Created attachment 1269473 [details] system information Description of problem: I updated to F26 and the update went well, but the system wouldn't boot after. Unfortunately, the journal etc. have no information on the failed boots at all. Since this was an upgrade, I used the F25 kernel and that boot just fine. Version-Release number of selected component (if applicable): kernel-4.11.0-0.rc4.git0.1.fc26.x86_64 kernel-4.11.0-0.rc5.git0.1.fc26.x86_64 How reproducible: Always Steps to Reproduce: 1. Update F25 to F26 using dnf - check that update goes correctly 2. Reboot after upgrade 3. Actual results: System does not boot - monitor doesnt show any output, and keyboard/mouse seem unresponsive too. Expected results: Should boot normally as expected. Additional info: I also used the F26 workstation live image hoping to run a fresh install to replicate the issue, but the live image doesn't run well either.

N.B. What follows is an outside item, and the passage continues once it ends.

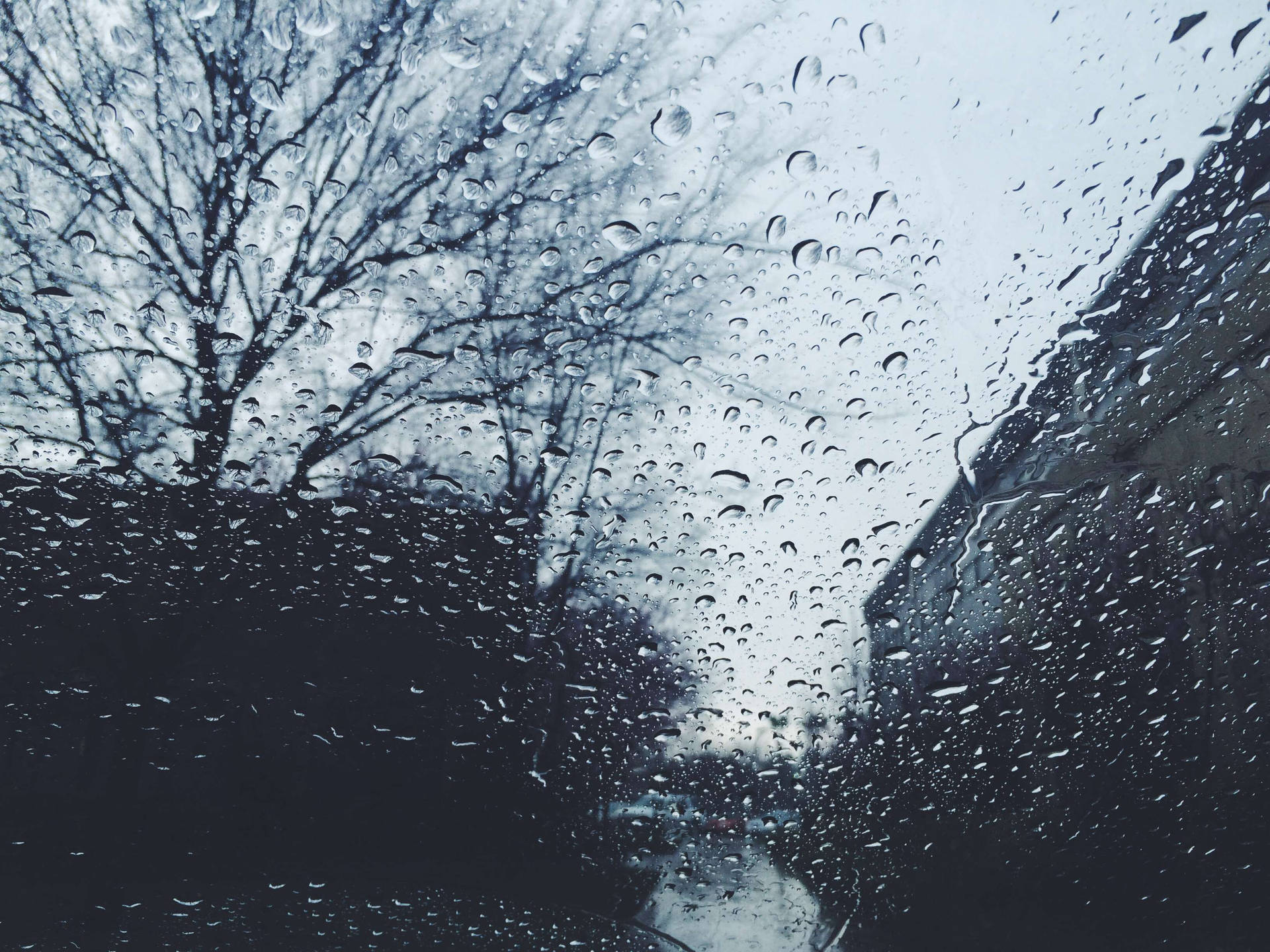 窗戶上的雨滴顯示光禿的樹木和黑暗的小巷。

I get CPU lockups. Images attached - I cant quite say if the live image and the installed+upgraded system are experiencing the same issue, so this may not be helpful. fpaste sysinfo from the functioning kernel also attached.

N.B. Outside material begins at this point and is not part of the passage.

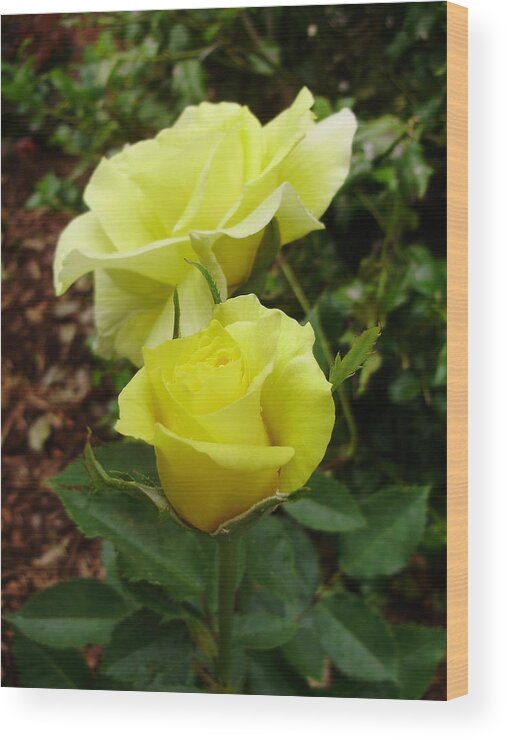Roses Wood Print featuring the photograph A Perfect Pair by Anjel B Hartwell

Created attachment 1269474 [details] image showing cpu lockup on F26 LIVE media
Created attachment 1269475 [details] second image showing cpu lockup on F26 LIVE media
I realise there isn't much debug information here - please do let me know if there are any steps you'd like me to take to supply other bits that may be required.
Created attachment 1272508 [details] Screen photo showing output The output says something about nouveau - could be an issue there? Would a dev please take a look and reassign etc?
Reporting in to state that i have same and/or similar issues related to the nouveau driver. Currenly using a Dell XPS 15 9550.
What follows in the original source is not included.